Engineering Probability Class 25 Mon 2019-04-15

1   Iclicker

All these questions concern math SAT scores, which we assume have a mean of 500 and standard deviation of 100.

  1. What is the probability that one particular score is between 400 and 600?
    1. .34
    2. .68
    3. .96
    4. .98
    5. .9974
  2. I take a random sample of 4 students, and compute the mean of their 4 scores. What is the probability that that mean is between 400 and 600?
    1. .34
    2. .68
    3. .96
    4. .98
    5. .9974
  3. I take a random sample of 9 students, and compute the mean of their 9 scores.
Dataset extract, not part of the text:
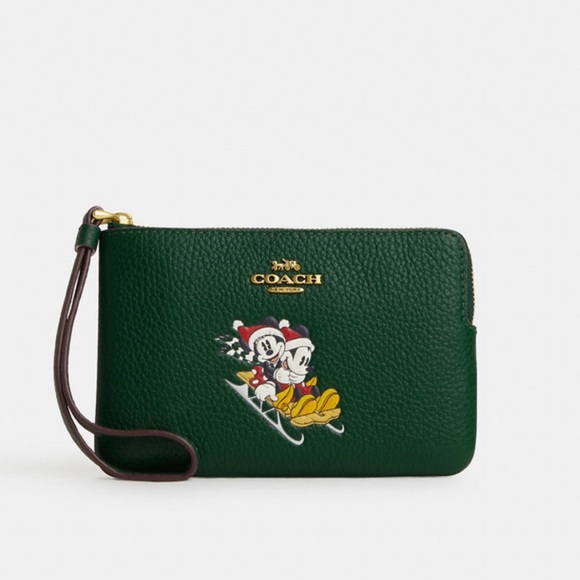 NWT Disney X Coach Corner Zip Wristlet Wallet Clutch With Sled Motif - Picture 1 of 5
What is the probability that that mean is between 400 and 600?
    1. .34
    2. .68
    3. .96
    4. .98
    5. .9974
  4. What is the standard deviation of the 4-student sample?
    1. 25
    2. 33
    3. 50
    4. 100
    5. 200
  5. What is the standard deviation of the 9-student sample?
    1. 25
    2. 33
    3. 50
    4. 100
    5. 200

2   Statistics

Now, we learn statistics. That means, determining parameters of a population by sampling it. In probability, we already know that parameters, and calculate things from them.

We'll start with Leon-Garcia Chapter 8, and add stuff to it.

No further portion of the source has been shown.